Considérée comme une menace existentielle
« Jamais, au grand jamais, le Canada ne fera partie des États-Unis », lui a rétorqué le premier ministre canadien, suivi par la ministre des Affaires étrangères, Mélanie Joly, qui a annoncé que le Canada ne reculerait « jamais face aux menaces ». Le statut du voisin d’Amérique du Nord n’apparaît que comme un moyen pour l’élu républicain d’avancer ses pions dans la guerre commerciale et idéologique qui l’oppose à la Chine, considérée comme une menace existentielle pour les États-Unis.
Donald Trump reprend ainsi à son compte – et l’incorpore à son entreprise libérale et autoritaire – la stratégie géopolitique construite par les États-Unis depuis les années 1990. Les outrances du prochain président s’inscrivent notamment dans les pistes dictées par la déclaration de politique générale sur la mission de l’Amérique dans l’après-guerre froide, rédigée en 1992 par Paul Wolfowitz, alors sous-secrétaire d’État à la Défense, puis abandonnée face au tollé provoqué par la divulgation de la note par le New York Times et le Washington Post.

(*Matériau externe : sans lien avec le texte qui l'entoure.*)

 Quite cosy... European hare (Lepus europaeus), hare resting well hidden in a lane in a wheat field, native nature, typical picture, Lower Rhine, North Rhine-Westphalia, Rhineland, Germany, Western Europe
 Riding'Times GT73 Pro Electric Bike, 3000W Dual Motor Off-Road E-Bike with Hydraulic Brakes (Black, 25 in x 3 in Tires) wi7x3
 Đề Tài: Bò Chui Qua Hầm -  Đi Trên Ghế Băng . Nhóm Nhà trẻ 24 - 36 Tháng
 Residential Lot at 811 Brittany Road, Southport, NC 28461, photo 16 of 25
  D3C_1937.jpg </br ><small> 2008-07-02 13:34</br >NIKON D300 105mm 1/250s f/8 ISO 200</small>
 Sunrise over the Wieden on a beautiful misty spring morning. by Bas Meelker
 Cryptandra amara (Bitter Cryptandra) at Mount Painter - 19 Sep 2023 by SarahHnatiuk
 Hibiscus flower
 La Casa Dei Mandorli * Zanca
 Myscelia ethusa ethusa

Ce dernier y faisait état du premier objectif des États-Unis : « Empêcher la réémergence d’un nouveau rival. »
Quitte à, pour cela, « empêcher toute puissance hostile de dominer une région dont les ressources, sous contrôle consolidé, seraient suffisantes pour générer une puissance mondiale ». Mais aussi à insister sur le fait que « les États-Unis “devraient s’attendre à ce que les futures coalitions soient des assemblées ad hoc” formées pour faire face à une crise particulière et qui pourraient ne pas survivre à la résolution de la crise ».
Il n’est donc guère étonnant à ce que le milliardaire républicain ait relancé, lors de sa conférence de presse à Mar-a-Lago, ses accusations envers l’Otan, dont il n’a jamais caché faire peu de cas. Donald Trump a ainsi affirmé que les membres de l’alliance ne payent pas suffisamment en échange de la protection des États-Unis. Pour lui, les États membres doivent accroître leur budget de défense à 5 % de leur PIB, contre les 2 % actuellement requis. « Ils peuvent tous se le permettre », a-t-il insisté. Soit des propos dans la lignée de sa défiance envers l’Europe. Comme quand il rapportait une conversation avec le patron d’Apple, Tim Cook, pendant l’élection présidentielle : « Je ne vais pas les laisser profiter de nos entreprises. Cela n’arrivera pas. »
Dernière annonce choc : Donald Trump a annoncé vouloir modifier le nom du golfe du Mexique en « golfe de l’Amérique » dès son retour à la Maison Blanche. Avant de fustiger le Mexique, qui « doit cesser de laisser des millions de gens se déverser dans notre pays », en référence à la traversée de la frontière par des exilés clandestins. S’il n’est pas encore investi, le président réélu a bel et bien démarré son programme, dont les effets commencent déjà à se faire ressentir à l’international.